• [Exercise description]
Lines with "style": state how many there are in the records below, and nothing else.

• [Entries shown]
***

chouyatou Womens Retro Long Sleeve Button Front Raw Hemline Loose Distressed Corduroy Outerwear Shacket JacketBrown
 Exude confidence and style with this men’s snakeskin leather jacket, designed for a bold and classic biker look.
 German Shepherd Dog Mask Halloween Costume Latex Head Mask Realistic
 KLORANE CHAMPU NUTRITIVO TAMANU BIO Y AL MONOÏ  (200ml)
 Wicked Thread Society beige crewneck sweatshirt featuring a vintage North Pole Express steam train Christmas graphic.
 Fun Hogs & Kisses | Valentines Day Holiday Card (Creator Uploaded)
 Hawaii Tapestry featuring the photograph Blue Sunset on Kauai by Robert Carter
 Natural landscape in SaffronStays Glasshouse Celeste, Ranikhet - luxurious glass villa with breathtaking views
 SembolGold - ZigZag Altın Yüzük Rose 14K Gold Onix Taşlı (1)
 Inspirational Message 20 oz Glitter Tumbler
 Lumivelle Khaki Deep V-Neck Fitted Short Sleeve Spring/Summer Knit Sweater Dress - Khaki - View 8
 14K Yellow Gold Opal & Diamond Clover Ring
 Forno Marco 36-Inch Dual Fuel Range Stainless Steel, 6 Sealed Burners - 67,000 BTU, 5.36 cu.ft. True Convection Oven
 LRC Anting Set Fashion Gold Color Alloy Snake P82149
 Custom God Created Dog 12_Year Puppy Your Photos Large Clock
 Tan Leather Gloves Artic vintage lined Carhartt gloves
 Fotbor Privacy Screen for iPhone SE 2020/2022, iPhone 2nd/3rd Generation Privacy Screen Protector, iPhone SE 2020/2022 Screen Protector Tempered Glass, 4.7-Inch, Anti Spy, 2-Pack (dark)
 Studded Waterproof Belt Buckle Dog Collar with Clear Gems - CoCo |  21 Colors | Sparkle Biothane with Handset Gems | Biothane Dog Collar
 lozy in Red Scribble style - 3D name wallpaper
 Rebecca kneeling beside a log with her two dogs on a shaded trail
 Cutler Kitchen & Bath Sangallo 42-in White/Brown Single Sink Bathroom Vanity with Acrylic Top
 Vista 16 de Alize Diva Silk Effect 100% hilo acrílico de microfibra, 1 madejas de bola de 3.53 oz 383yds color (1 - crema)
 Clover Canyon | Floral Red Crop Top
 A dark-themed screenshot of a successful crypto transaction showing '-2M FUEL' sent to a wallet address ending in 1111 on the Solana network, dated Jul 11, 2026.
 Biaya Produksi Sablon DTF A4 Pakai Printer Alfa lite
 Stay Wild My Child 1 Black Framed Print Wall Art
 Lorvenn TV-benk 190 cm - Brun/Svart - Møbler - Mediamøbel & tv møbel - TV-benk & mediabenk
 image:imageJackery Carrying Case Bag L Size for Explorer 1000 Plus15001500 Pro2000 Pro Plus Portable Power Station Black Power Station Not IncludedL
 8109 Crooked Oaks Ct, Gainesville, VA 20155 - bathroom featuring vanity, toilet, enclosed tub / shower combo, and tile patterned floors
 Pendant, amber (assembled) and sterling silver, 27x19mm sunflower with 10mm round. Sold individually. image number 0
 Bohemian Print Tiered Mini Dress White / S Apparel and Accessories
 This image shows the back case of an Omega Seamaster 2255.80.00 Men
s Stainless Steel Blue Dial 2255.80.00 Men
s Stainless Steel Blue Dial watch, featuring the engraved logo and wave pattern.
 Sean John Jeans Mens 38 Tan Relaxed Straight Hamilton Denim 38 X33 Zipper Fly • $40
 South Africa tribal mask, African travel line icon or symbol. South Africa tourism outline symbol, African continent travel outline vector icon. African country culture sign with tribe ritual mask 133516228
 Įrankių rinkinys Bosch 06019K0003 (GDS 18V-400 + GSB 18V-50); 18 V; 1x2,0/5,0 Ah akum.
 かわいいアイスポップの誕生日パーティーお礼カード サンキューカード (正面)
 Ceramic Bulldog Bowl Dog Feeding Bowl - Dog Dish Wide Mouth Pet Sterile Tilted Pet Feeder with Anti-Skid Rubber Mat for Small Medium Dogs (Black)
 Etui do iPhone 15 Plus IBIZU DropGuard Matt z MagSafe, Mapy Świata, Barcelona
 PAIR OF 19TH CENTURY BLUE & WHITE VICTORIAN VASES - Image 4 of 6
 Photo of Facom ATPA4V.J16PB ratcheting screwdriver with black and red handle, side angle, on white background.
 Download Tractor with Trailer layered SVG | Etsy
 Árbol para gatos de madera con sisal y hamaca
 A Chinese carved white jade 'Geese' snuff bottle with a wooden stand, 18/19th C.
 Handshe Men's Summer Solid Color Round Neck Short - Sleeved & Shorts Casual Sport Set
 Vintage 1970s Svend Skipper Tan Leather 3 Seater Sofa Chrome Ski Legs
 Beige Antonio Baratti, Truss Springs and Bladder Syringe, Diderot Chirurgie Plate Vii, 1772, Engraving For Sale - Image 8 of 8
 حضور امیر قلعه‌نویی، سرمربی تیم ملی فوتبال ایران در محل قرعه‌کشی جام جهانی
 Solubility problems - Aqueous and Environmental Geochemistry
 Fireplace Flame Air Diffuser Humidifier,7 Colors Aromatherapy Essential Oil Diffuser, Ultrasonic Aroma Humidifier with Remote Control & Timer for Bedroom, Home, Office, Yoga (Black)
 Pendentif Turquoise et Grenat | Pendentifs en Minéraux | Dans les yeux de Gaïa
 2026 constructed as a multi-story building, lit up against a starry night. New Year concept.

***

• [Result of the exercise]
2